The price of mining a bitcoin tends to approach the price of a bitcoin, so the question is rather is 21's approach equal to or better than large scale mining.
"Tends to approach" is vague.
In the short term, the marginal cost of mining almost exactly equals the price of a Bitcoin (excluding, possibly, some short transition periods when the price of a Bitcoin is just so high and/or increasing so fast that it is hard to catch it), but if you are below marginal cost, then you are more efficient than the marginal miner and you make a operating profit, which may or may not cover your investment. In the long term, that's the time horizon when investments pay off, or don't. Nothing lasts forever.
No, tend to approach is the correct term. There cost will never exactly reflect the price, due to speculative errors from the miners when they decide to expand or contract, therefore the cost will be different also between miners. So again, can the 21's plan for mining compete with large scale mining? Small scale mining can be and is continually tested, what they bring to the table is a new chip. So can the new chip revive small scale mining?

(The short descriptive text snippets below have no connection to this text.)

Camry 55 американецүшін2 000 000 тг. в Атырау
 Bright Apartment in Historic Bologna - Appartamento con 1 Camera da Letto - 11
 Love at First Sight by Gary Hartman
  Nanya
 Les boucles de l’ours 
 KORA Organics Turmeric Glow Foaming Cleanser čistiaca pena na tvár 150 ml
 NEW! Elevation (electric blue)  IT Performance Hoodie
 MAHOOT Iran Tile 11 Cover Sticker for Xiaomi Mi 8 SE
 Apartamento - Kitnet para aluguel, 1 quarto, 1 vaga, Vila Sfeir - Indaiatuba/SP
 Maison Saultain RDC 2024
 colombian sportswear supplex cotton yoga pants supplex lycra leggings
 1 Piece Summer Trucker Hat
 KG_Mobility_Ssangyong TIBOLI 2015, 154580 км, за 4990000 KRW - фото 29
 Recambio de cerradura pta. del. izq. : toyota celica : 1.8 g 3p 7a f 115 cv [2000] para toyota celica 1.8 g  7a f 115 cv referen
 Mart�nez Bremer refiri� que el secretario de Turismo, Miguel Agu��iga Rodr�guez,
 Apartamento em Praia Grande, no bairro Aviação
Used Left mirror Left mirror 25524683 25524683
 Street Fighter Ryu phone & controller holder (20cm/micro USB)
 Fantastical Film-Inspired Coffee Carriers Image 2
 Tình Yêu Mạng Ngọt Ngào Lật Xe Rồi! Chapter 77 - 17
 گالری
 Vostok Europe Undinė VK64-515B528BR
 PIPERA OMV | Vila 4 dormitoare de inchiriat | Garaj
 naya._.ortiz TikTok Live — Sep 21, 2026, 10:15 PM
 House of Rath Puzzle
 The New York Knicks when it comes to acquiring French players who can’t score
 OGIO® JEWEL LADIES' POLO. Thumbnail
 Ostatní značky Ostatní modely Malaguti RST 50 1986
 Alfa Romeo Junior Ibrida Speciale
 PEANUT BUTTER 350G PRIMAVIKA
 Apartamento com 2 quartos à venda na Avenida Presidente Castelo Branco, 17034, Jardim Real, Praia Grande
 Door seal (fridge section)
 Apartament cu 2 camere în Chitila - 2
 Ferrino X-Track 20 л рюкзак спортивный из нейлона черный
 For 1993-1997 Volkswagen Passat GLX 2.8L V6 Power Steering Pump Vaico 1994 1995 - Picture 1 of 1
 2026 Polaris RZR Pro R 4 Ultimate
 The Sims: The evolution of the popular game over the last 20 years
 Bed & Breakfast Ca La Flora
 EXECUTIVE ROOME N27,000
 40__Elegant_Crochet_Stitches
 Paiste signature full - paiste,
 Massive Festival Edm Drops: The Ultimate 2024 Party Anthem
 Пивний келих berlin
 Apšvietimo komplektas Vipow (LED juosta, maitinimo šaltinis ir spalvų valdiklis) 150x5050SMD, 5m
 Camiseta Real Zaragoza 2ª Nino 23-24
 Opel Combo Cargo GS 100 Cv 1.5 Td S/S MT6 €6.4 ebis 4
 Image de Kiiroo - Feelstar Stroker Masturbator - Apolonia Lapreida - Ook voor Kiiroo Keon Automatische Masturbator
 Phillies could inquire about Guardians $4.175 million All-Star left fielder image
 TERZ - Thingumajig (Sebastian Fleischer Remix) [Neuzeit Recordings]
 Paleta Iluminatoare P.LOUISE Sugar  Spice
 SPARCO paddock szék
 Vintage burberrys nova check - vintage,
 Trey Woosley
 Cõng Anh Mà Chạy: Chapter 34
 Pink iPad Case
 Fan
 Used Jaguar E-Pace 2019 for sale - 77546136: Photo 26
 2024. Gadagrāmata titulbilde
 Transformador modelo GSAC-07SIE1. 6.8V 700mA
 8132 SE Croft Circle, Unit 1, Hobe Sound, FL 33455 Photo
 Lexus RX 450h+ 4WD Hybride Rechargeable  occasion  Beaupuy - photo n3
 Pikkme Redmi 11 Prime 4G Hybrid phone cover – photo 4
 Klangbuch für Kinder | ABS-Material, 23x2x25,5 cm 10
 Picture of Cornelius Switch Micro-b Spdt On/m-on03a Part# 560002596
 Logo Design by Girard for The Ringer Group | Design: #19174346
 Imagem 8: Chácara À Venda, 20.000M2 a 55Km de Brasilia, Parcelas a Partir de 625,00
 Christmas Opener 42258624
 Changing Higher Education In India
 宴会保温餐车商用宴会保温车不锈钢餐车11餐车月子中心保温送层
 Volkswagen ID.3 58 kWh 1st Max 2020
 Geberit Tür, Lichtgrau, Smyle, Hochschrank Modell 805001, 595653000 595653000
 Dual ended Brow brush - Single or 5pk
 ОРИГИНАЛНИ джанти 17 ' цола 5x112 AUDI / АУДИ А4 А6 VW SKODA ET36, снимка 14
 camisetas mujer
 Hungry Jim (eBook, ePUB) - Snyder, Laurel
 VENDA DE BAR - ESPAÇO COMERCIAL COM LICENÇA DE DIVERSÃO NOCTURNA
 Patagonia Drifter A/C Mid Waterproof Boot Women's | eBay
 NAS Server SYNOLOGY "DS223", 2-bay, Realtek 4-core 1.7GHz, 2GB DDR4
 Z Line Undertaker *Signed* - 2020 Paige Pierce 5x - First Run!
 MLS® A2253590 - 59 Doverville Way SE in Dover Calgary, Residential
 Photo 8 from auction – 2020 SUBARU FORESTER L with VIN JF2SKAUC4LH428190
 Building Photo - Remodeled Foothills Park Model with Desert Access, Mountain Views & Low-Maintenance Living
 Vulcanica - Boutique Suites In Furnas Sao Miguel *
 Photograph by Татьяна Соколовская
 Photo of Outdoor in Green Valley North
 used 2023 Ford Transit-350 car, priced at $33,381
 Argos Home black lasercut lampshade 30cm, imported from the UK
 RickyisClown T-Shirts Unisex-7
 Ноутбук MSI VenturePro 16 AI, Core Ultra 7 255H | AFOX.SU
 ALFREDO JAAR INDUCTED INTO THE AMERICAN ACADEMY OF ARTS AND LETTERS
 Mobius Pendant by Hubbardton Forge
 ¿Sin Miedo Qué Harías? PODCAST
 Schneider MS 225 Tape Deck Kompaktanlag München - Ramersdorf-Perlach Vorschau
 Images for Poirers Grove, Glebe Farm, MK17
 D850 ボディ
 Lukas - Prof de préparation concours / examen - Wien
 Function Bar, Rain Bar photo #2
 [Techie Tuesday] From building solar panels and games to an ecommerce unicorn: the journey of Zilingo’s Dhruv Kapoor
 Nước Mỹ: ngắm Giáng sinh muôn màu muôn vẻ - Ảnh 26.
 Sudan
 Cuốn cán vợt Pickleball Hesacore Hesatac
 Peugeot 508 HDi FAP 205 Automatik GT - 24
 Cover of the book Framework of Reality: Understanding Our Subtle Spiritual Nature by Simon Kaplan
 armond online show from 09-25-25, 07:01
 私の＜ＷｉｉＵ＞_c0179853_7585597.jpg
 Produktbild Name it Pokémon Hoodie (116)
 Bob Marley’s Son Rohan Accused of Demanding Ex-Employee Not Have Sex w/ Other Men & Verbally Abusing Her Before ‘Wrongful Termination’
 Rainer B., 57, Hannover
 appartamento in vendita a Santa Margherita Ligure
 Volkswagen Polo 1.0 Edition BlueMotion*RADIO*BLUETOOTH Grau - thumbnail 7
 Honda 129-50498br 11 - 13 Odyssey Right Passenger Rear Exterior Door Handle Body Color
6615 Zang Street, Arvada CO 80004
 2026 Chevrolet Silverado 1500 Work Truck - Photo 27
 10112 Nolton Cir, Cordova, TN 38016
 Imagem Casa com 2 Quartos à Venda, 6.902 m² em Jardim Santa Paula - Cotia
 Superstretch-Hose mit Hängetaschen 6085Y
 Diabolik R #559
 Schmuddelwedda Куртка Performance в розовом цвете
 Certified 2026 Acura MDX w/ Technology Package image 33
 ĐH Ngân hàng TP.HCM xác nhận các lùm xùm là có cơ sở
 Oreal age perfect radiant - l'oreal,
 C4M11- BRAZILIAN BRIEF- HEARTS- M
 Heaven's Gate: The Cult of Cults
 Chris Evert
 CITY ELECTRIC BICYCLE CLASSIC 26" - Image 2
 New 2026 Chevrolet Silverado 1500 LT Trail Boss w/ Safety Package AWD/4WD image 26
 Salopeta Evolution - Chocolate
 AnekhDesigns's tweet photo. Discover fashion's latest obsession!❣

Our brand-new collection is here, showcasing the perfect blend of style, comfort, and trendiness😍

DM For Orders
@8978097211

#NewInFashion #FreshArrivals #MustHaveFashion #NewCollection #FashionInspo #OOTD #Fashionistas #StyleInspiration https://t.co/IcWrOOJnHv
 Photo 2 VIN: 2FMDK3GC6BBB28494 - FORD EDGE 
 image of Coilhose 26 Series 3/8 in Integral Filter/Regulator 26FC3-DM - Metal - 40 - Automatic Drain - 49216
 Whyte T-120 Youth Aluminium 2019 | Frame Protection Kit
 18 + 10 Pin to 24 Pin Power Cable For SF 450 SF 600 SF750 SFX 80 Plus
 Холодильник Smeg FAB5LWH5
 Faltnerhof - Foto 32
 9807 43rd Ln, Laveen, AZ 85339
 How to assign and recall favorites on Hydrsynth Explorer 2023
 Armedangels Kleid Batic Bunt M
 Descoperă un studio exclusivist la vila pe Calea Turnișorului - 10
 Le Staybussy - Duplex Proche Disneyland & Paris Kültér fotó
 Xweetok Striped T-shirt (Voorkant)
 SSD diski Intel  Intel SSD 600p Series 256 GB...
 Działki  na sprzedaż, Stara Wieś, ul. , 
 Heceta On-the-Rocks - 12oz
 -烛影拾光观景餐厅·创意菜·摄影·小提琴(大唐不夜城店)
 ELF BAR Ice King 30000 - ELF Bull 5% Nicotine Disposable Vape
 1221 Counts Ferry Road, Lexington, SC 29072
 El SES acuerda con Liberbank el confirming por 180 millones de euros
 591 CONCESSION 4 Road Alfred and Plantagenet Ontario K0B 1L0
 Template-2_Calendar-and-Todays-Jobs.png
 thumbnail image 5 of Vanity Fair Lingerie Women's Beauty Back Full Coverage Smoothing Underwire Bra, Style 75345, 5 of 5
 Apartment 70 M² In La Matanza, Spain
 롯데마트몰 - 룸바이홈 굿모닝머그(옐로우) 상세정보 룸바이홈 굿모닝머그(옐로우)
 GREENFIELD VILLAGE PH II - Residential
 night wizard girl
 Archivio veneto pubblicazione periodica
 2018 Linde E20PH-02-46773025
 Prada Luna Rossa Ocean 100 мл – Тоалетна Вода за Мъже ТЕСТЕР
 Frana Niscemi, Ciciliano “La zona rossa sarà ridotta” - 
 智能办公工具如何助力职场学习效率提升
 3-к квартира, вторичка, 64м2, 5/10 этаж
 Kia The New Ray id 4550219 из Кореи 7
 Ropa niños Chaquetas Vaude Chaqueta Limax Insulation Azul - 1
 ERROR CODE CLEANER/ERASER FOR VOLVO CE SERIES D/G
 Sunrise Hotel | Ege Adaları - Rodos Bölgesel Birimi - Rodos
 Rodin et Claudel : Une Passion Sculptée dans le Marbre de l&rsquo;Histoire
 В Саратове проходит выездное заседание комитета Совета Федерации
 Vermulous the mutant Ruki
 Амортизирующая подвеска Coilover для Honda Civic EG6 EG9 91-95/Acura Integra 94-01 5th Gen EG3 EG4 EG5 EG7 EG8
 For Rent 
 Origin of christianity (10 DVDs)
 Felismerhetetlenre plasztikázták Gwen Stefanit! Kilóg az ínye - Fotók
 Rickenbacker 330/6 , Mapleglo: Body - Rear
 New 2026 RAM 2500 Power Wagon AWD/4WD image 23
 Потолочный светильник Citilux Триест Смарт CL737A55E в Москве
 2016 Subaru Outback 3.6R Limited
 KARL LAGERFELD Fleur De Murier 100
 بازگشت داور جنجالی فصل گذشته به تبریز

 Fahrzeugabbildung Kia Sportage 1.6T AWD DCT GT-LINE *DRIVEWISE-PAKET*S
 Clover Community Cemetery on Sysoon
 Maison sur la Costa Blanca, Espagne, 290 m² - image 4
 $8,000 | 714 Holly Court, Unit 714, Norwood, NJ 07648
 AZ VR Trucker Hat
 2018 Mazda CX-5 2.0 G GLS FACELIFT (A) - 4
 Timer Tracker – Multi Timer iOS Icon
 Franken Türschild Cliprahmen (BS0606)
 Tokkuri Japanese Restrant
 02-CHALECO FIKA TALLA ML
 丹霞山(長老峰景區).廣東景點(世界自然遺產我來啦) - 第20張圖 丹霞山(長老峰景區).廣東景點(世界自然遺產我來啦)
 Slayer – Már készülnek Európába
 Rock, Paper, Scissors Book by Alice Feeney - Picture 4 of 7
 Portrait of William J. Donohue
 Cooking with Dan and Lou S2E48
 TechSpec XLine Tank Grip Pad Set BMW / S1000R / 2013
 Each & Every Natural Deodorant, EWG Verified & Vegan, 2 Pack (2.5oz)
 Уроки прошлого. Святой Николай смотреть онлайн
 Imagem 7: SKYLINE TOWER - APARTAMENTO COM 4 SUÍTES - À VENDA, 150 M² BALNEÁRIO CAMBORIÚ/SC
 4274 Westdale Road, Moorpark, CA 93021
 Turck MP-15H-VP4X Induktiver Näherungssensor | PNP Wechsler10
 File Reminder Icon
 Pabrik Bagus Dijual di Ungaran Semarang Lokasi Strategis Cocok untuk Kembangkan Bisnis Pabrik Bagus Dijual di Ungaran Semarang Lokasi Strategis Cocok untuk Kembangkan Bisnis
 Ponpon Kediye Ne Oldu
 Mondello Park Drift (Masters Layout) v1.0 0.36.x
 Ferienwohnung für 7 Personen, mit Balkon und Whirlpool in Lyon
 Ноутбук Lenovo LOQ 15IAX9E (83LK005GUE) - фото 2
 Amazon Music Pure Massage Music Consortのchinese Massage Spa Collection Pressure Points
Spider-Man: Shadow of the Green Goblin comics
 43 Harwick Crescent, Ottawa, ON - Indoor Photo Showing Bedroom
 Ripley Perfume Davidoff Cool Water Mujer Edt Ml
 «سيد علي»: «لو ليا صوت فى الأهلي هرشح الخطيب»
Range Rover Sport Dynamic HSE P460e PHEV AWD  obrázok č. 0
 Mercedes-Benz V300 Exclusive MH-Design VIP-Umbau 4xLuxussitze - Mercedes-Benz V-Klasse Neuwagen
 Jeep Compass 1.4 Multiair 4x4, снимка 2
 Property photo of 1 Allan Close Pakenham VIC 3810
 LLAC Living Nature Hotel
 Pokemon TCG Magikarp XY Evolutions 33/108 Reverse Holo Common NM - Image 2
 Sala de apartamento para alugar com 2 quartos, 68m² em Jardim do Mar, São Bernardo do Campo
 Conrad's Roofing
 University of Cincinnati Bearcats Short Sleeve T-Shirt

Edit: You can never know in advance, but I would guess that if the chip is good in a random small scale device, it is even better if you pack a few hundred in a dedicated device with proportionally designed power supply, fans the rest of the stuff that is needed. Is it possible to construct a chip that is better than current mining, and at the same time can not be used large scale?
You can not rely on persons with experience in funding. Stranger projects have been started, a company with million dollar donut cars, selling for 100K per car and losing 900K per car comes to mind.